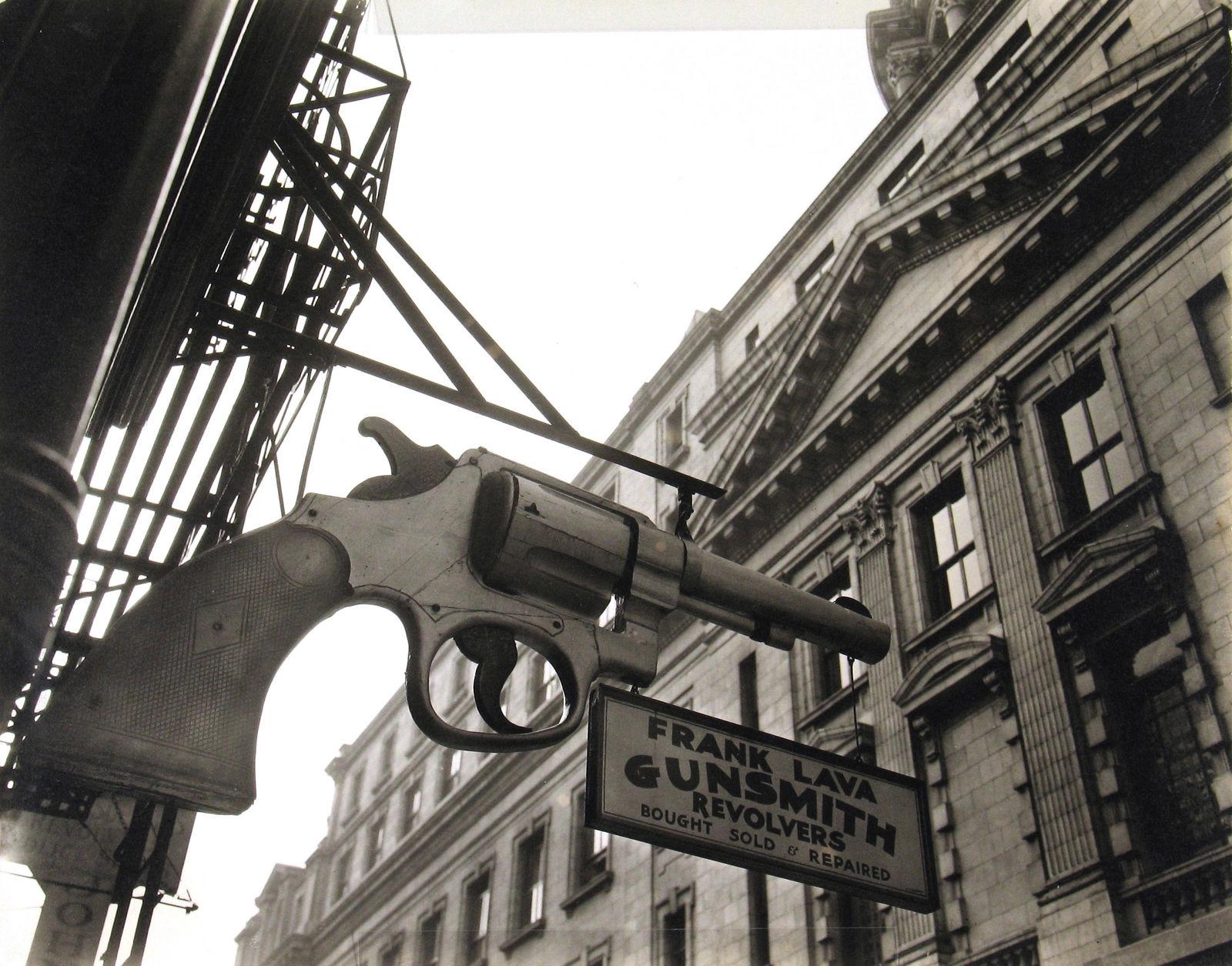 Berenice Abbott, Gunsmith and Police Department, 6 Centre Market Place and 240 Centre Street, 1937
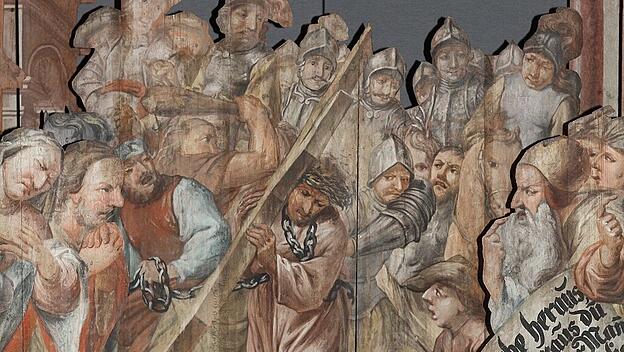 Barocke Darstellungen, die das Leiden und Auferstehung Christi bildlich darstellen.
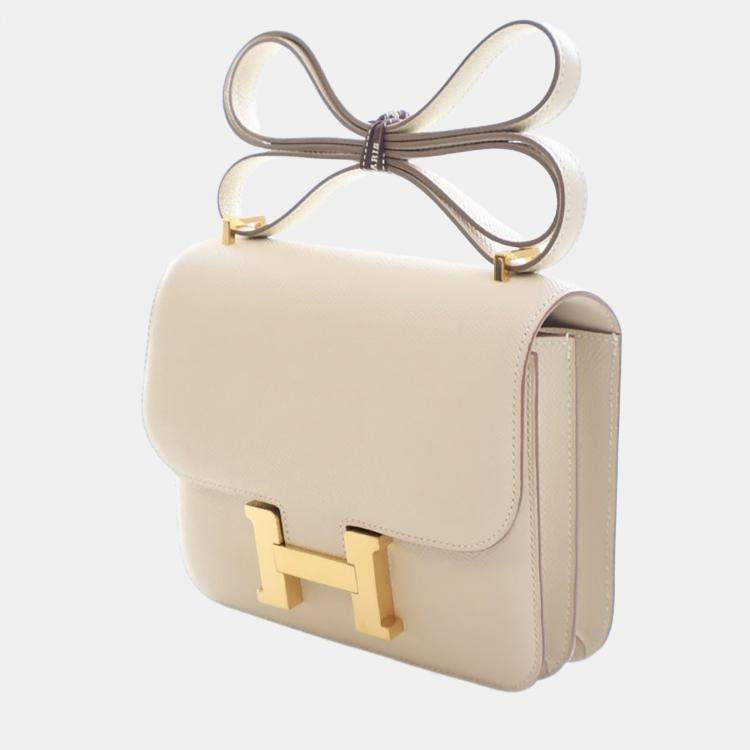 Pre Owned Hermes Craie Epsom Constance 18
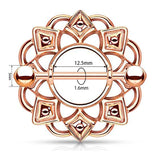 14G Surgical Steel Nipple Rings with Water Drop Pendant Charm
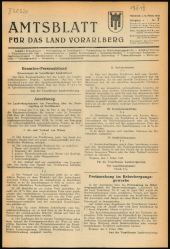 Amtsblatt für das Land Vorarlberg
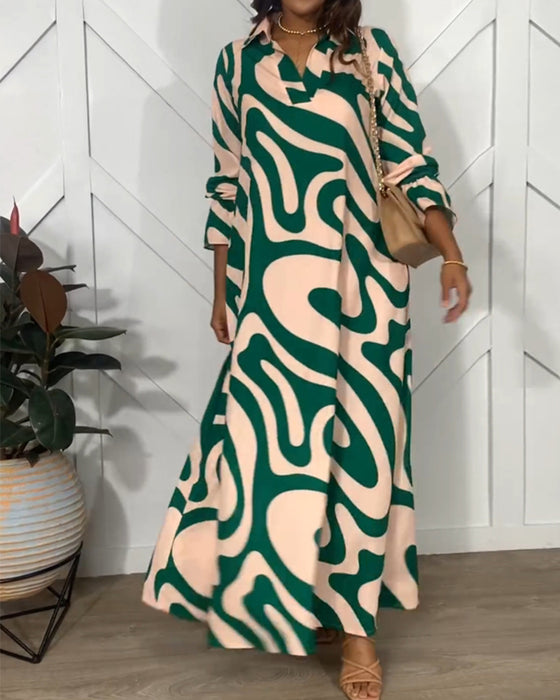 Klänning med elegans och långa ärmar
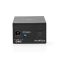 Nedis ASPL2512BK digitális audio splitter, TosLink be - 2x TosLink kimenet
================
- _Your instructions_
Take the line containing "Barocke Darstellungen, die" and every line after it to the end of the records, and restate them verbatim, with no pictures.

- _Answer for this exercise_
 Barocke Darstellungen, die das Leiden und Auferstehung Christi bildlich darstellen.
 Pre Owned Hermes Craie Epsom Constance 18
 14G Surgical Steel Nipple Rings with Water Drop Pendant Charm
 Amtsblatt für das Land Vorarlberg
 Klänning med elegans och långa ärmar
 Nedis ASPL2512BK digitális audio splitter, TosLink be - 2x TosLink kimenet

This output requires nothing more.